Task directions
Scan the records for lines with the word "North", and copy every such line.

=== Data for this task ===

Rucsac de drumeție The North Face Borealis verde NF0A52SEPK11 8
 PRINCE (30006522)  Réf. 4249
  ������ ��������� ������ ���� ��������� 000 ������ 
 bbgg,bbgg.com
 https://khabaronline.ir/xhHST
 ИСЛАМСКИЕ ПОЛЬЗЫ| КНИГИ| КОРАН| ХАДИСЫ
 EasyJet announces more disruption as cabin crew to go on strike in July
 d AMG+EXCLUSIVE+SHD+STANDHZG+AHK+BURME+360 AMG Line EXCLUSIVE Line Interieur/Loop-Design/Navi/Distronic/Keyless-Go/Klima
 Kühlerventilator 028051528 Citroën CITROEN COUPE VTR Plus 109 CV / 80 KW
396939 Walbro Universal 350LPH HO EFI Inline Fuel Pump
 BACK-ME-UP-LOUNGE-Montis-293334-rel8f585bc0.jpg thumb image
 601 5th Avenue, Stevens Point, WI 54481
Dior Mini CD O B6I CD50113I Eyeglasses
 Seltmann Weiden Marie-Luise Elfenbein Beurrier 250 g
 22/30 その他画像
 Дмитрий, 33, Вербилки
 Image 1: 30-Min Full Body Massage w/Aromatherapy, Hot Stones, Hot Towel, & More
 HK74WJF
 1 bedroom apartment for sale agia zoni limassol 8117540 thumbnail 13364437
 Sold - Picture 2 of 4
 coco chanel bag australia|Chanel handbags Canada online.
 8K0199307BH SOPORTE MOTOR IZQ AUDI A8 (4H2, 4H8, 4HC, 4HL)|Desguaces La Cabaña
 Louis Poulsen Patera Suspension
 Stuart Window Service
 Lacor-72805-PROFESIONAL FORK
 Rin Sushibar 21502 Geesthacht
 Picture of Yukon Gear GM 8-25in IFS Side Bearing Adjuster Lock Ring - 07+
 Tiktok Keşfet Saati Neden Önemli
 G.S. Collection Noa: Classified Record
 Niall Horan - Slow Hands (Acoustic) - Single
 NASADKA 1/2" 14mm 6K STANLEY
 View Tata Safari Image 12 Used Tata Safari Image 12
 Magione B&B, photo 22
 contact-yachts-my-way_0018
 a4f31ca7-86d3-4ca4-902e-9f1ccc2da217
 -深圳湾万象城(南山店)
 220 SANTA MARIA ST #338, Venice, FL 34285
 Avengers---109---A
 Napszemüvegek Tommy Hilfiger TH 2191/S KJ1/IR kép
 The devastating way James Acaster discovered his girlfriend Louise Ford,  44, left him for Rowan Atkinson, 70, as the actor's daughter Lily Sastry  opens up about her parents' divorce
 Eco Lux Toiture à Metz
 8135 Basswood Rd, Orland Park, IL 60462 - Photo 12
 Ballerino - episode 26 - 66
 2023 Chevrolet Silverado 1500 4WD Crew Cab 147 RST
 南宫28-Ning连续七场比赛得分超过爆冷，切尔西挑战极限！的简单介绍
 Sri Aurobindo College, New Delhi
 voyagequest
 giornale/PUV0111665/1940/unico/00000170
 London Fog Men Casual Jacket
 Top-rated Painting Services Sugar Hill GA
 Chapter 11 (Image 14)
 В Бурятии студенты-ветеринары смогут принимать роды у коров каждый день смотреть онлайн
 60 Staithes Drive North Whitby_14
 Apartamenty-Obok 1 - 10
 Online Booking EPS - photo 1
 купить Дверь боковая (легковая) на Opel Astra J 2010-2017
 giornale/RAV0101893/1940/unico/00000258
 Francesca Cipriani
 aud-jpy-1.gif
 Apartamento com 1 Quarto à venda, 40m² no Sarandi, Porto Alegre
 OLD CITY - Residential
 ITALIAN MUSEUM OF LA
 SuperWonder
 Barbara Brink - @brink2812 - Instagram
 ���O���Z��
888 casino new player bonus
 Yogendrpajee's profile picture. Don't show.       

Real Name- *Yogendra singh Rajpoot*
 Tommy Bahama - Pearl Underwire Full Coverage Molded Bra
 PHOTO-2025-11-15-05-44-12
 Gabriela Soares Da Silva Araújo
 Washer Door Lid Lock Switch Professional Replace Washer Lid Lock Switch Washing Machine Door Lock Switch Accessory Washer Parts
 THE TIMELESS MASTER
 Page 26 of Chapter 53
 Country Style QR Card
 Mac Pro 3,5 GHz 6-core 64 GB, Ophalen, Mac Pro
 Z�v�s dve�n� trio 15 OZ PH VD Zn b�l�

===

Task result
Rucsac de drumeție The North Face Borealis verde NF0A52SEPK11 8
 60 Staithes Drive North Whitby_14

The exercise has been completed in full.